I have $X =C([0,\infty),\mathbb{R})$ i.e. a set of all continuous function from $[0,\infty)$ to $\mathbb{R}$ and I also have $F=\{d_k:k\in\mathbb{N}\}$ where $$d_k(x,y)=\max_{t\in[0,k]}(x(t)-y(t))^2$$ for all $x,y\in X$
How can I show that $X$ is complete-$F$? I can't find $N_0$ such that its Cauchy-$F$ sequence is convergent-$F$.
$d_k$ are indeed $b_s$-pseudo metrics on $X$. $(i),(ii)$ being obvious while for $(iii)$ we have \begin{align} d_k(x,y)&=\max_{t\in [0,k]}(x(t)-y(t))^2\\ &=\max_{t\in [0,k]}(x(t)-z(t)+z(t)-y(t))^2\\ &\leq 2\max_{t\in [0,k]}(x(t)-z(t))^2+2\max_{t\in [0,k]}(z(t)-y(t))^2\\ &=2d_k(x,z)+2d_k(z,y) \end{align} where in the third step we used the inequality $2\alpha \beta \leq \alpha^2+\beta^2$. Hence, $d_k$ are indeed $\beta_s$-pseudo metrics with $s=2$. Now, suppose we have an $F-$Cauchy sequence $(x_n)$ on $X$. Then, for $\epsilon>0$ we may find $N$ such that $$\tag{1} d_k(x_n,x_m)=\max_{t\in [0,k]}(x_n(t)-x_m(t))^2<\epsilon$$ for every $n,m\geq N$. Fix some $t\geq 0$ and find $k\geq t$. Then, by $(1)$ we have $$\tag{2}|x_n(t)-x_m(t)|\leq \sqrt{\epsilon}$$ for every $n,m\geq N$. This shows that $(x_n(t))$ is Cauchy sequence on $\mathbb{R}$. Hence, it converges to some limit denoted by $x(t)$. I.e. $\lim_{n\to \infty}x_n(t)=x(t)$ for every $t\geq 0$. Letting $n\to \infty$ in $(2)$ and squaring we obtain $$|x(t)-x_m(t)|^2\leq \epsilon$$ for all $m\geq N$ and every $t\in [0,k]$. Taking $\sup$ to the above inequality we obtain $$\tag{3} \sup_{t\in [0,k]}(x(t)-x_m(t))^2\leq \epsilon$$ for every $m\geq N$ and $k$. Now using $(3)$ we can show that $f$ is continuous.
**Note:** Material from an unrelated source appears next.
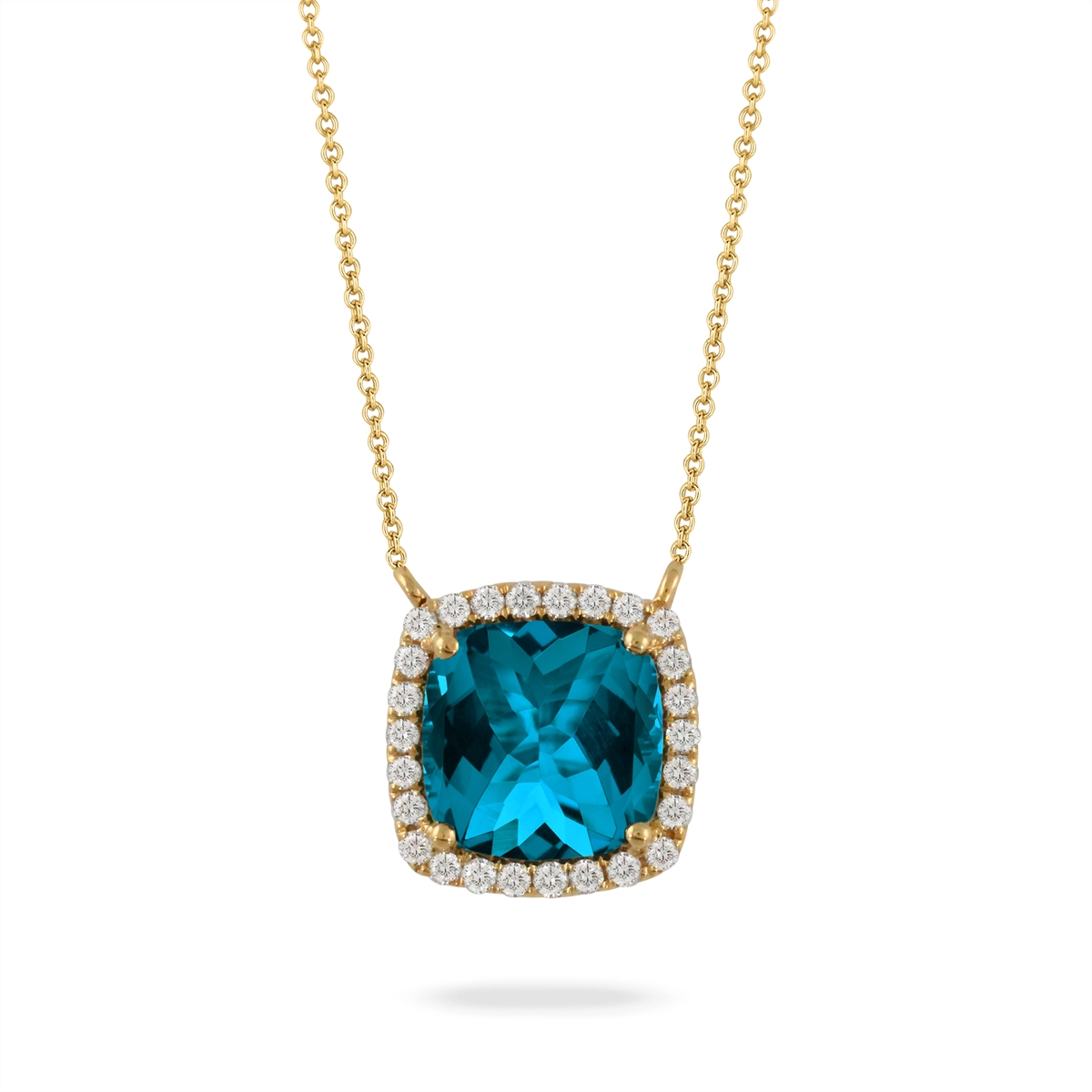 Beautiful necklaces and pendants with tree branch motifs for a nature-inspired design-Doves 18K Yellow Gold Diamond Necklace with London Blue Topaz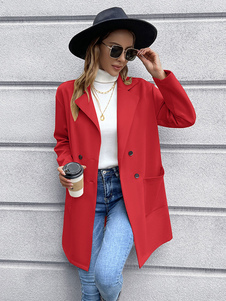 Blazer Jacket Red Long Sleeve Double Breasted Lapel Solid Color Relaxed Fit Casual Spring Fall Street Outerwear For Women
Let $t_0\geq 0$ and $\epsilon>0$. By $(3)$ we may find $m$ such that $$\tag{4} \sup_{t\in [0,k]}(x(t)-x_m(t))^2<\epsilon^2$$ for every $k$. By continuity of $x_m$ at $t_0$ there is and $\delta>0$ such that $|x_m(t)-x_m(t_0)|<\epsilon$ for every $|t-t_0|<\delta$. Pick $k>t_0+\delta$. Then, using $(4)$ and the continuity of $x_m$, for every $|t-t_0|<\delta$ we have \begin{align} |x(t)-x(t_0)|\leq |x(t)-x_m(t)|+|x_m(t)-x_m(t_0)|+|x_m(t_0)-x(t)|\leq 3\epsilon \end{align} Hence, $x$ is continuous. Now, returning to $(3)$ by the continuity of $x$ we can substitute $\sup$ with $\max$. Hence, rewriting $(3)$ we've shown that for $\epsilon>0$ there is an $N$ such that $d_k(x,x_m)\leq \epsilon$ for every $k$ and $m\geq N$. This shows that $x_m$ is convergent-$F$ to $x$.